Wrapping everything together/How we can turn this ratings ‘failure’ into something positive?
Hmm. The results of the awards show were somewhat predictable, the hosts weren’t all that entertaining (from what I’ve seen- feel free to weigh in), and the interactive app gave viewers the inside access they wanted (using the success of the red carpet pre show for this assumption- the red carpet show gave viewers fashion, interviews with stars, 360 camera views… aka access, and this access was similar to what the app gave viewers) Putting all these things together, there may have been less of a reason to watch the show live than I originally thought. Given the success of the app and the social media stats, did the interactivity of the show distract, rather than complement, the show?
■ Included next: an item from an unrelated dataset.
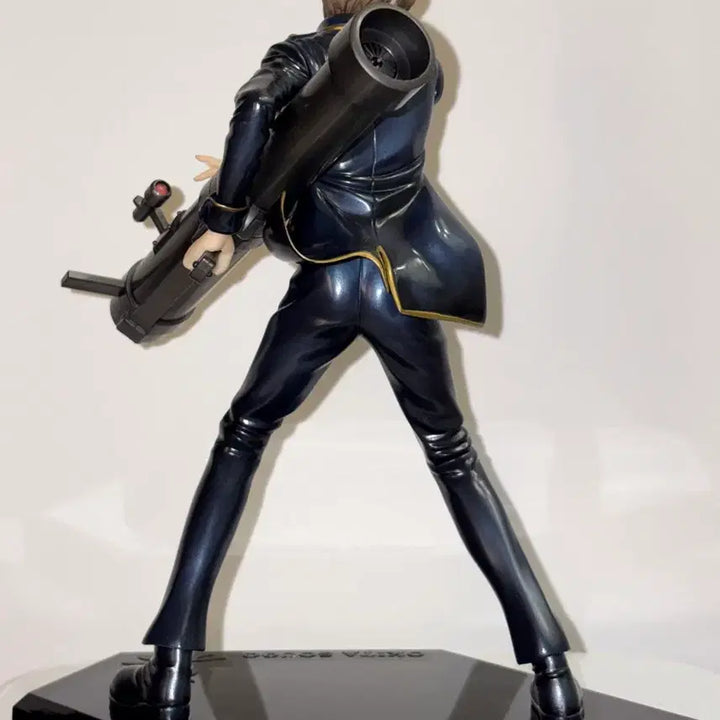 [BUNJANG] Gintama Okita Sougo GEM Figure with Bazooka / 은혼 오키타 소고 gem 피규어 바주카포 g.e.m 메가하우스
How could the Academy make watching the Oscars live a bigger priority? Given the success of multiplatform viewing, could the Academy evolve the interactive experience so that it better complemented the live show to see an increase in ratings?
My two cents: What if viewers didn’t have to pay for the app, but instead- could only gain access to features if they correctly answered questions, based on what happened on screen? For example- a question could be, what movie did Anne Hathaway and James Franco NOT parody in the opening skit? Or, to unlock the Governor’s Ball experience, how many outfits did Anne Hathaway wear during the show or which singer did not peform during the show?
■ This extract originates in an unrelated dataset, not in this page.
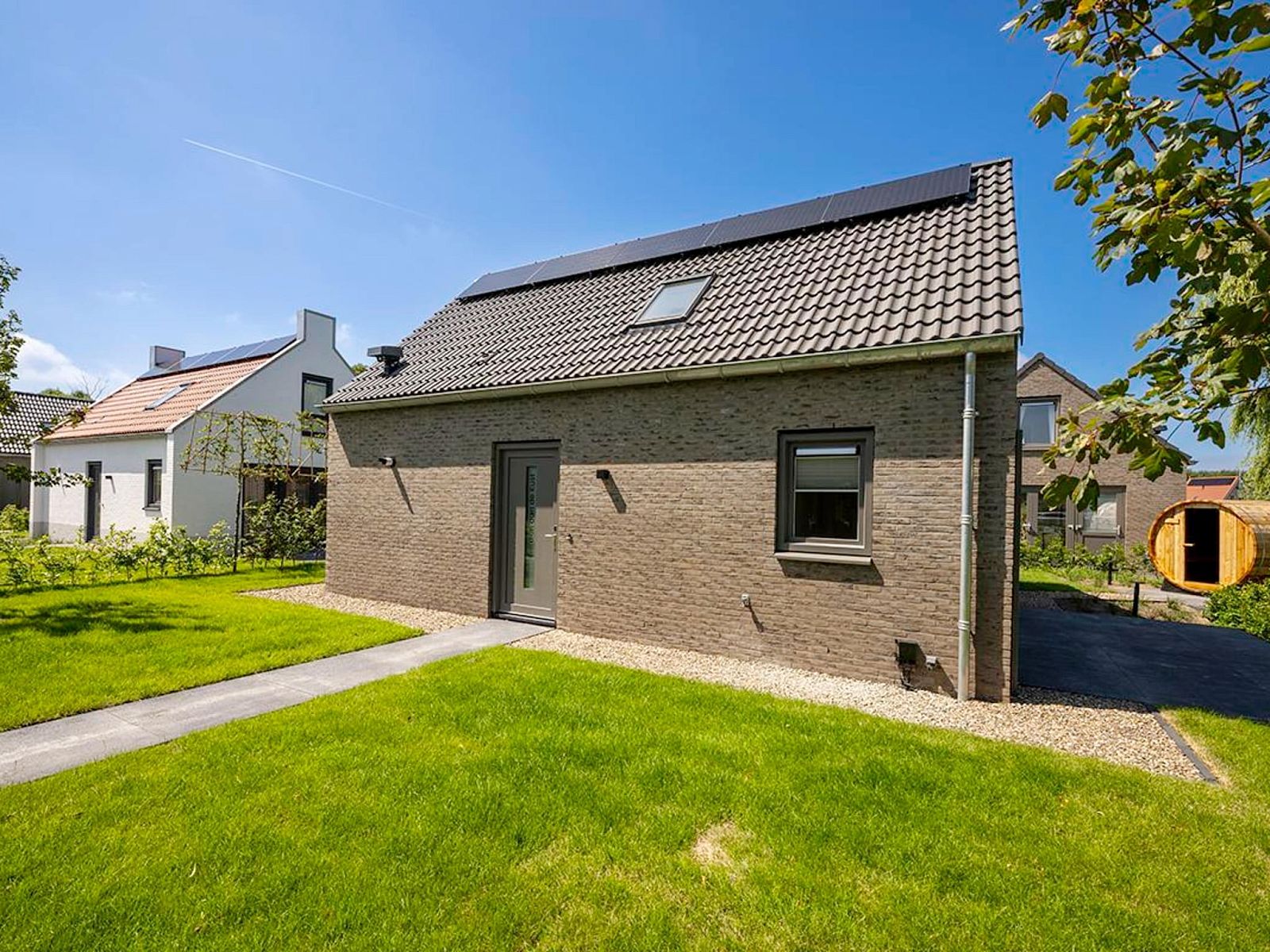 Unterkunft 452941 - Ferienhaus Noordzeekust - Relaxen aan de kust - 52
Basically, just having something to connect the interactive app and the live viewing experience. Another idea- what if there was a live contest for viewers to attend the next Oscars? Throughout the entire show the hosts/promos/snipes could alert viewers to answer a trivia question online, log in to the website, etc. and at the very end of the show, a grand prize winner(s) would be announced– the point being that the viewer would have to watch the entire show to find all the clues/hear all the questions/etc. in order to get enough questions right/log ins, etc. to win.
Hopefully the Academy will see this year’s Oscars as a splendid failure rather than just a failure– the ‘attracting young viewers’ experiment didn’t work out exactly as hoped, but I think the Academy is on to something with more best picture nominees, younger hosts, and pushing an interactive experience– hopefully the 2012 Oscars will just be a better execution of a good idea!